Taraflarca bu konuda bir anlaşma yapılmamışsa, kira bedeli, bir önceki kira yılının tüketici fiyat endeksindeki on iki aylık ortalamalara göre değişim oranını geçmemek koşuluyla hâkim tarafından, kiralananın durumu göz önüne alınarak hakkaniyete göre belirlenir.” şekildedir.

Değişikliğin yapıldığı tarihe ve TBK’nın yürürlük tarihine bakıldığında bütün bu değişimlerin sözleşmenin pasif tarafı olduğu düşünülen kiracıyı korumak olduğu söylenebilir. Zira 2010 yılı incelendiğinde on iki aylık ortalamalara göre aylık üretici fiyat endeksi oranının, tüketici fiyat endeksi oranının çok altında kaldığı görülmektedir.14 Ne var ki bu oran dengesi 2016 yılında bozularak, tüketici fiyat endeksi oranının, üretici fiyat endeksi oranına göre daha düşük seyretmesi ile sonuçlanmıştır. Kanun değişikliği öncesinde ise 2018 yılında tüketici fiyat endeksi oranının, üretici fiyat endeksi oranından %10 daha düşük olması sebebiyle kira bedelinin belirlenmesinde tüketici fiyat endeksinin, temel endeks olarak kabul edilmesine zemin hazırlamıştır.

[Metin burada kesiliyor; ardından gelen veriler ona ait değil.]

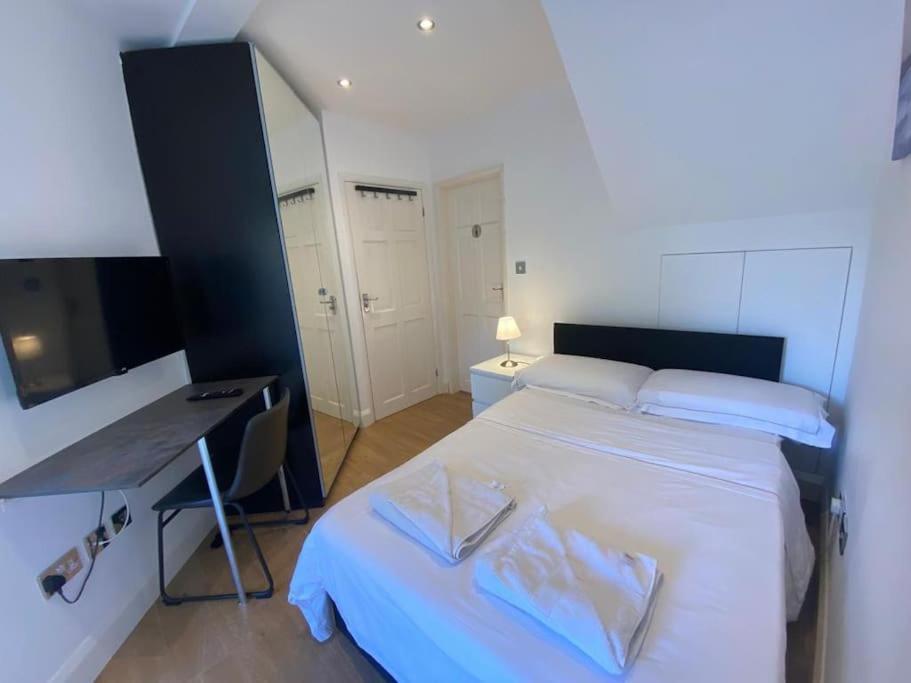 1 Hendon Old One * London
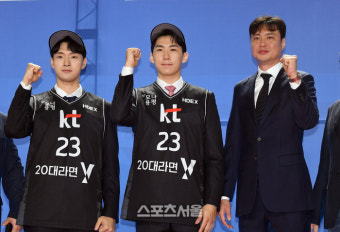 [포토]KT 소닉붐 송영진 감독, 지명 선수들과!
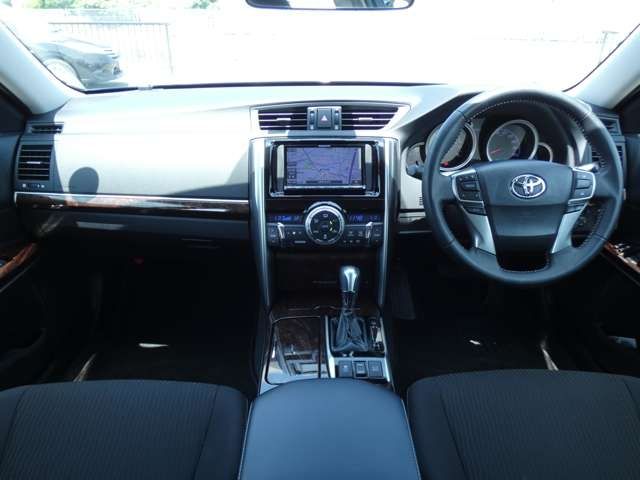 Toyota MARK X 2017-01 7753-1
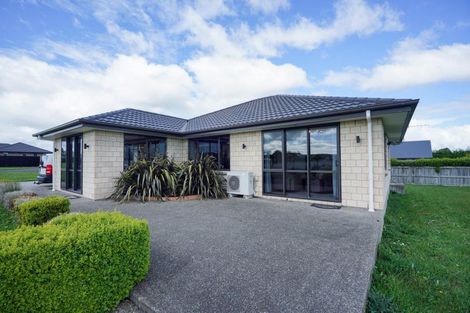Photo of property in 28 Majestic Chance, Seaward Bush, Invercargill, 9812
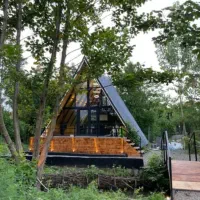 ویلا-با-سقف-شیشه-ای-در-دل-جنگل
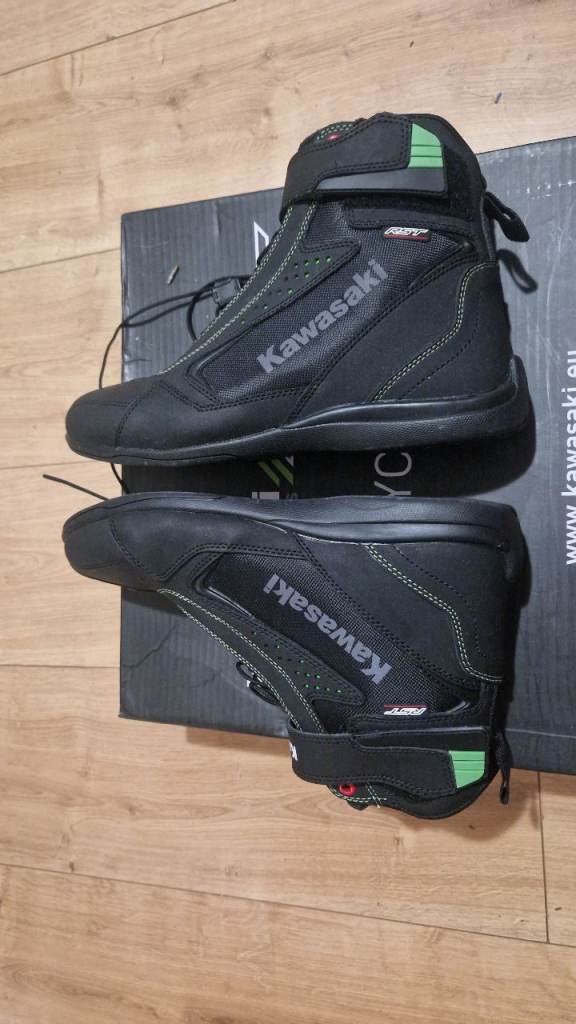 Motorcycle boots size 8 (42) kawasaki nantes 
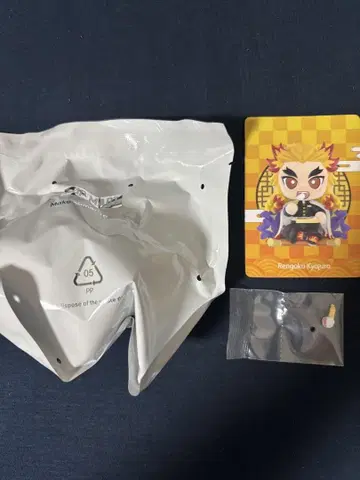 POP MART 렌고쿠 쿄쥬로 피규어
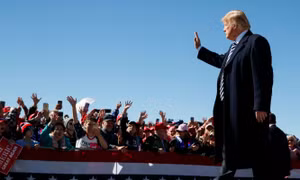 Điều gì sẽ đến với Tổng thống Trump nếu kết quả bầu cử giữa kỳ ‘thất bát'?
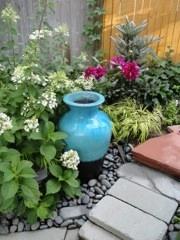 Fun With Color by B. Gardening Landscape Design - Photo 10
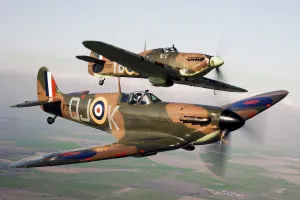 Spitfire P7350, flies alongside Hurricane LF363 Spitfire P7350, flies alongside Hurricane LF363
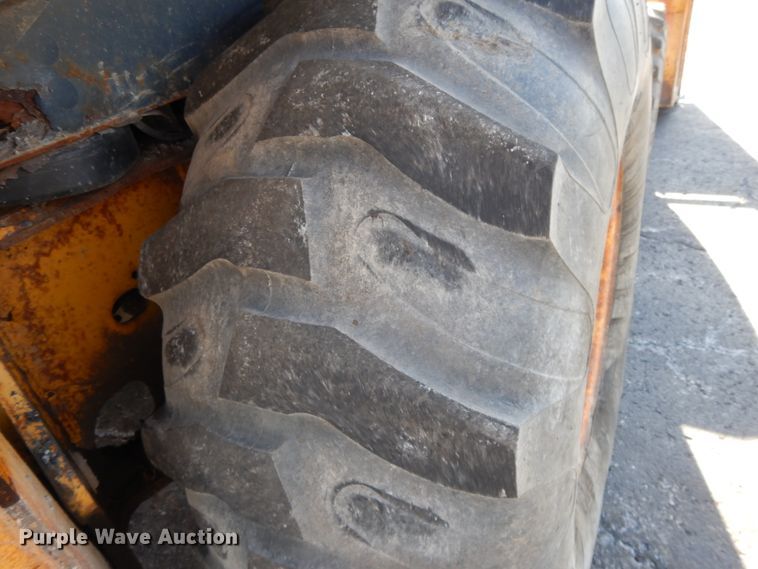 image for item DF5938 2003 John Deere 410G backhoe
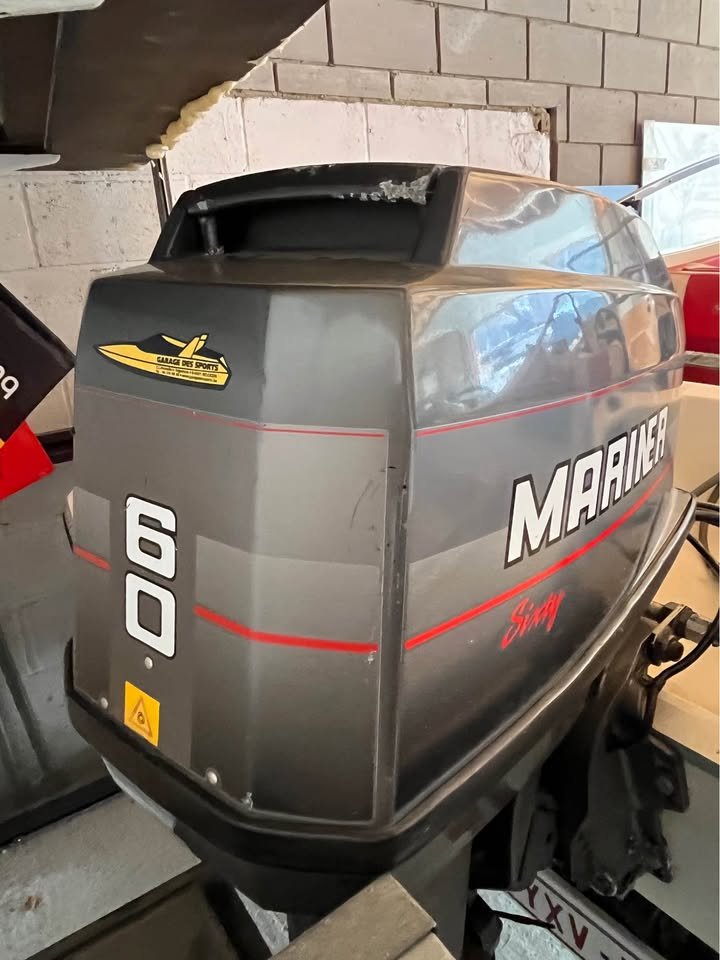Bateau à moteur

Ne var ki yenilenen kira ilişkilerinde tüketici fiyat endeksini temel alarak yapılan sınırlama hali hazırda yürürlükteyken 08.06.2022 tarihinde 7409 sayılı kanun ile 6098 sayılı TBK’ya geçici madde eklenmiştir.15 Böylelikle değişen ekonomik koşullarla artan kira bedellerinde kiralayan aleyhine tekrar sınırlayıcı bir düzenleme yapılmıştır.